On Apr 17, 1:38 pm, Fabrizio Giudici <[email protected]>
wrote:
> On 4/15/10 21:41 , Karsten Silz wrote:> ur JME app across all carriers in all 
> supported languages, you
> > needed 10,000 different versions of your app.  It took a powerful
> > and stubborn/arrogant company (Apple) to change all that.
>
> Well, "to change all that" means to try to impose a single platform.
> Paraphrasing you, I'd say it's a success for Apple making money, not
> for developers.

Come on, Fabrizio, you can do better than that - two sentences, three
mistakes.

First one: "single platform" != "iPhone".  Android is a platform, too,
and it's not the single vendor one like Apple.  And they have their
own app store, which may even be the only content Google sells
centrally for Android (unlike music, books or videos).  Carriers hate
that because they want to sell their own content or at least get a
cut, but Apple's success forced them to accept a central Google app
store.  And even if you hate Apple, you have to admit that the app
store was the first time in history that anybody with a Mac could
write apps for a computing platform and distribute/sell them easily to
tens of millions of customers, leveling the playing field between "the
little guy" and the big software companies as much as possible. After
two years (June 2010), there'll be probably 200,000 apps in the app
store or more; this is just mind-blowing.

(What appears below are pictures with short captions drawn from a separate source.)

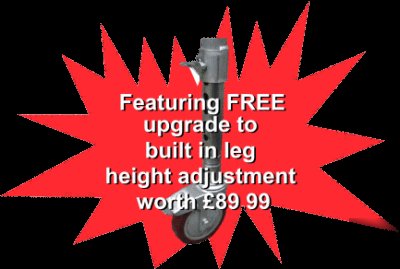 Quick-erect 7.4M folding aluminium trade scaffold tower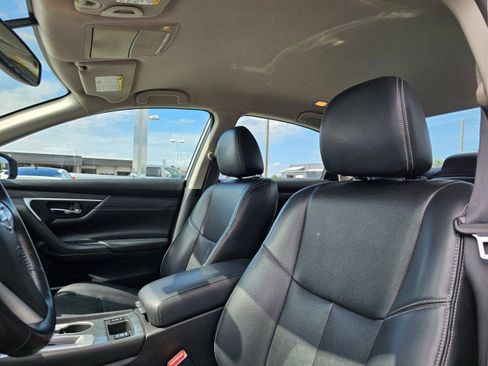 Used 2018 Nissan Altima 2.5 SL image 32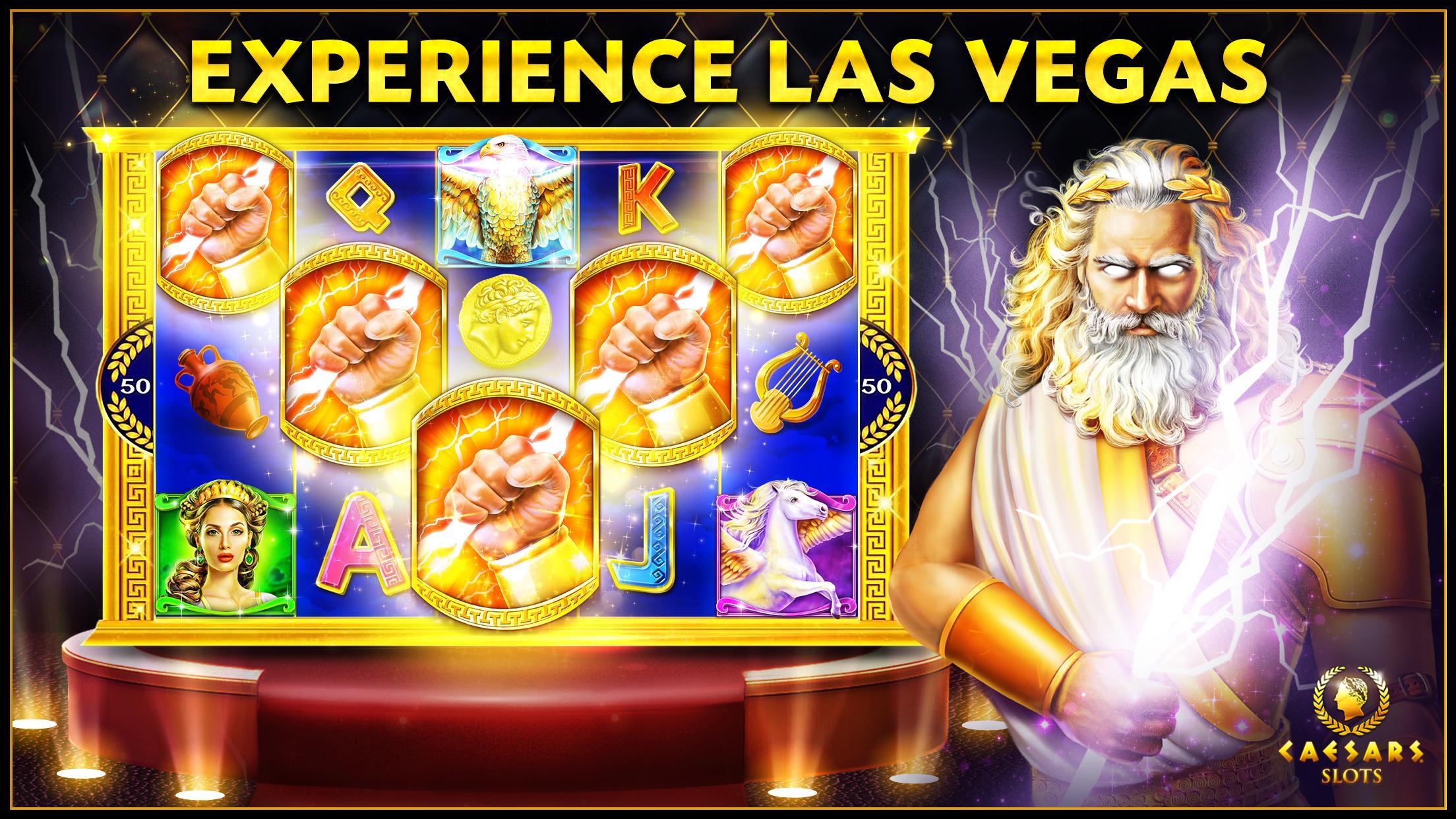 Cesar Slot Cesar Slot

Second one: Only Apple makes money selling apps, not developers.  Do I
really need to wave stories like this iPhone game company making $1
million monthly in front of you (Dec 2009:
http://theappleblog.com/2009/12/22/tap-tap-revenge-developer-makes-1m-per-month/)?
Or this one about a Sun guy who made $250,000 in two weeks with a game
that took him six weeks to write in his spare time (Jan 2009, back in
the app store gold rush days: 
http://ethannicholas.com/blog1/2009/01/16/why-im-leaving-sun/)?
Do you really think that after nearly two years, all these commercial
developers would still develop for the iPhone if they didn't make
money?  And Apple doesn't make much money selling apps - they run the
entire iTunes store "just above break-even", which still could mean a
hundred million dollars on the $631 million revenue the made in
Q4/09.  However, selling apps is the most expensive part of the shop
(approval procedure & testing), and a lot of apps are free meaning no
revenue to Apple; it's much more profitable to sell music or movies.